**Task statement**
Print the listing exactly as it stands. Skip every picture.

**Information supplied**

........

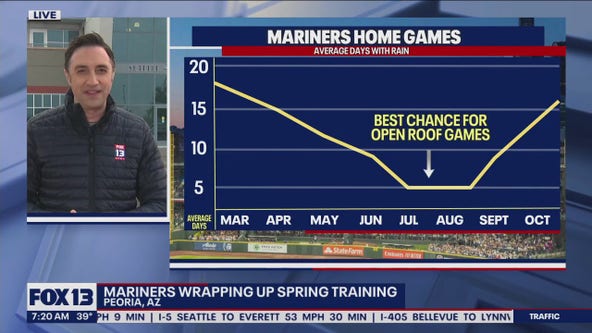 Seattle Mariners wrapping up spring training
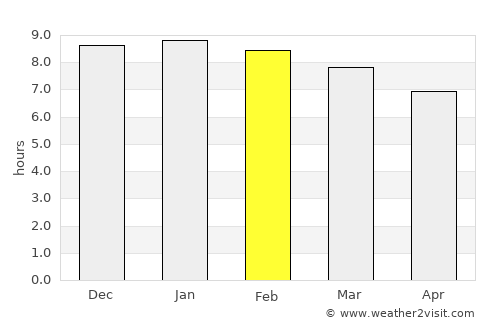 Jatobá average rain in February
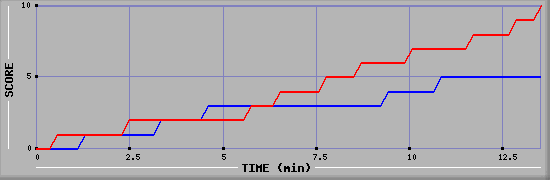 Team Scoring Graph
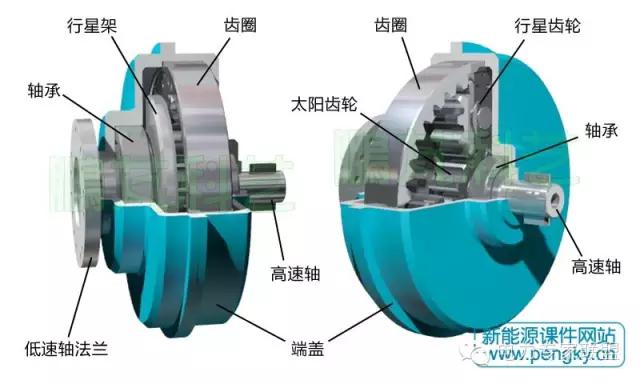 风力发电机的齿轮是怎么转动的,风力发电机齿轮箱结构和原理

........

**Result of the exercise**
 Seattle Mariners wrapping up spring training
 Jatobá average rain in February
 Team Scoring Graph
 风力发电机的齿轮是怎么转动的,风力发电机齿轮箱结构和原理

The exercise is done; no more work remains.